What happens if your client likes variation 2 of the new design? In the
meantime, a host of other changes have happened! How do you launch the
new design while integrating all these other changes instead of losing them?
What happens if the shopping cart feature became obsolete because the
client changed his mind? How do you get all that unwanted code (and only
that code!) out?
What do you do if that new login functionality proves to be impossible to
implement? It‘s already mingled with all of those other changes, being
almost impossible to separate out!
How can you avoid losing track? Most likely, you shouldn‘t be bothered
with all the topics from all of your colleagues.

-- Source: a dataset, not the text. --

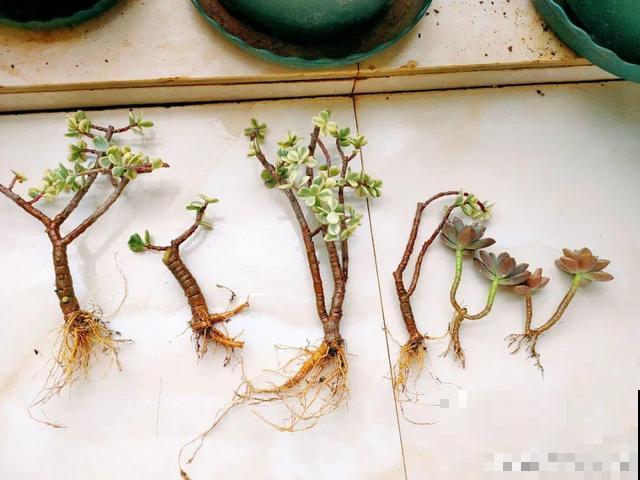 三伏天,8种花进入“鬼门关”,切莫大意 三伏天,8种花进入“鬼门关”,切莫大意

Things will start to get very confusing when you try to handle multiple topics in
a single context:
You circumvent your VCS, since those new folders won‘t be under version
control.
Not being version controlled, you can‘t easily share & collaborate with
others.
Integrating changes from one context into another (maybe your main
context) is difficult and error-prone.
To make a long story short: if your goal is to work professionally, you‘ll have to
find a way to deal with multiple contexts in a professional manner.
All the changes you make at any time will only apply to the currently active
branch; all other branches are left untouched. This gives you the freedom to both
work on different things in parallel and, above all, to experiment - because you
can‘t mess up! In case things go wrong you can always go back / undo / start
fresh / switch contexts...
Luckily, branches in Git are cheap & easy. There‘s no reason not to create a new
branch when you start working on a new topic, no matter how big or small it
might be.
So, which branch is HEAD at the moment? The “git status” command tells us in
its first line of output: “On branch master”.
The “master” branch was created by Git automatically for us when we started
the project. Although you could rename or delete it, you‘ll have a hard time
finding a project without it because most people just keep it. But please keep in
mind that “master” is by no means a special or magical branch. It‘s like any
other branch!
Now, let‘s start working on a new feature. Based on the project‘s current state,
we create a new branch and name it “contact-form”:
Using the “git branch” command lists all of our branches (and the “-v” flag
provides us with a little more data than usual):
$ git branch -v
contact-form 3de33cc Implement the new login box
* master 3de33cc [ahead 1] Implement the new login box
You can see that our new branch “contact-form” was created and is based on the
same version as “master”. Additionally, the little asterisk character (*) next to
“master” indicates that this is our current HEAD branch. To emphasize this: the
“git branch” command only created that new branch - but it didn‘t make it
active. Before checking out that new branch, it‘s a good idea to have another
look at “git status” to see where we currently are:
$ git status
# On branch master
# Changes not staged for commit:
# (use “git add <file>...” to update what will be committed)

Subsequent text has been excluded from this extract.